Let $(M,\otimes,1)$ be closed monoidal category and $C$ an $M$-enriched category. Assume we have $C$-objects $X$ and $X'$ and a morphism $f:1\to C(X,X')$ in $M$. We call $f$ an *isomorphism* if there is a $g:1\to C(X',X)$ in $M$ such that
$$1\cong 1\otimes 1\stackrel{g\otimes f}{\to} C(X',X)\otimes C(X,X')\to C(X,X)$$
equals $\mathrm{id}:1\to C(X,X)$ and the same for $C(X',X')$. Now for each $Y$, $f$ induces a morphism
$$f^*_Y:C(X',Y)\cong C(X',Y)\otimes 1\stackrel{\mathrm{id}\otimes f}{\to} C(X',Y)\otimes C(X,X')\to C(X,Y).$$
Assume that $f_Y^*$ is an $M$-isomorphism for all $Y$. As in the basic case ($C$ enriched over $\mathbf{Set}$), I want to conclude that $f$ is an isomorphism.
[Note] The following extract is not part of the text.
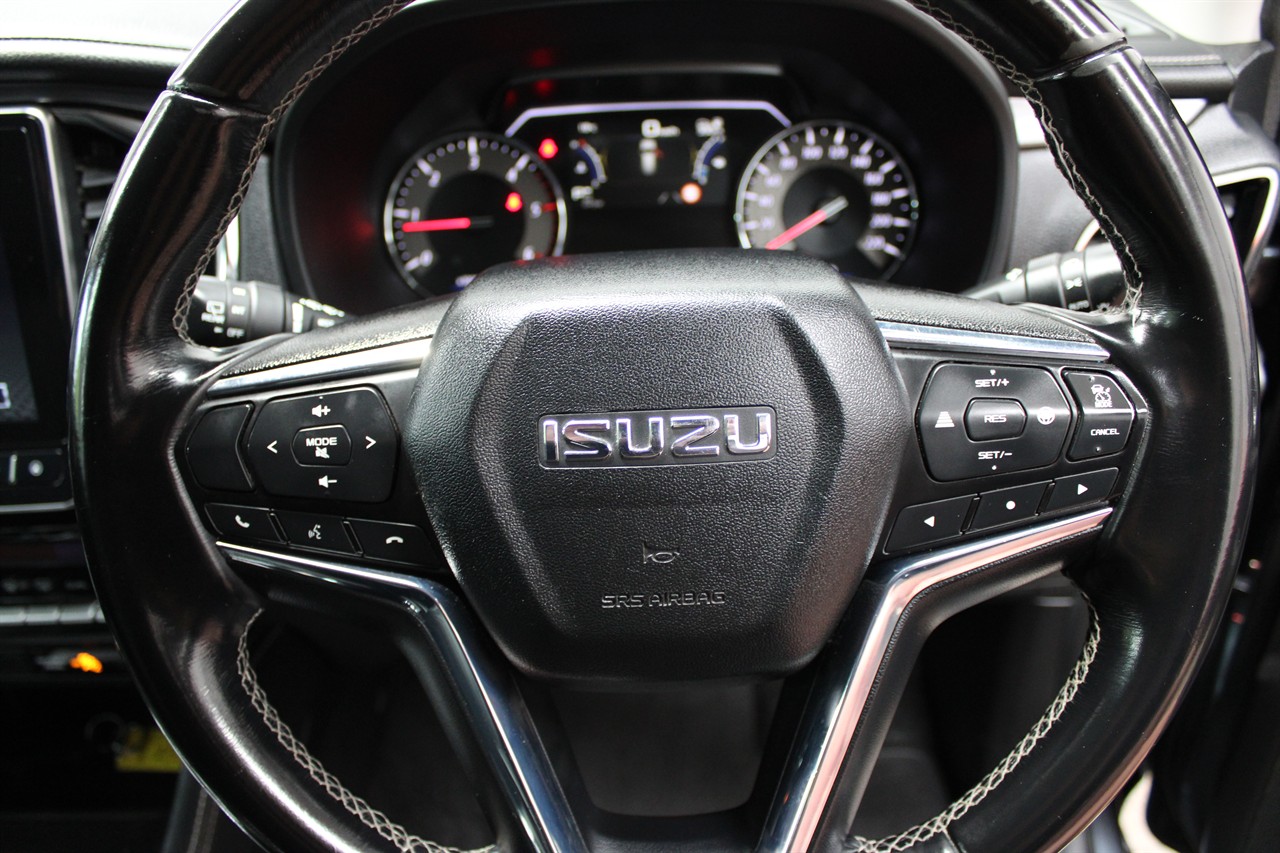 2021 Isuzu Mu-X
To construct an inverse $g$, we should use
$$g:1\stackrel{\mathrm{id}}{\to} C(X,X)\stackrel{(f_X^*)^{-1}}{\to} C(X',X).$$

First of all: Is this correct? At some point, it seems that I have to use the (enriched) naturality of $f^*$, now as a map $f^*_Y:1\to C(X,Y)^{C(X',Y)}$.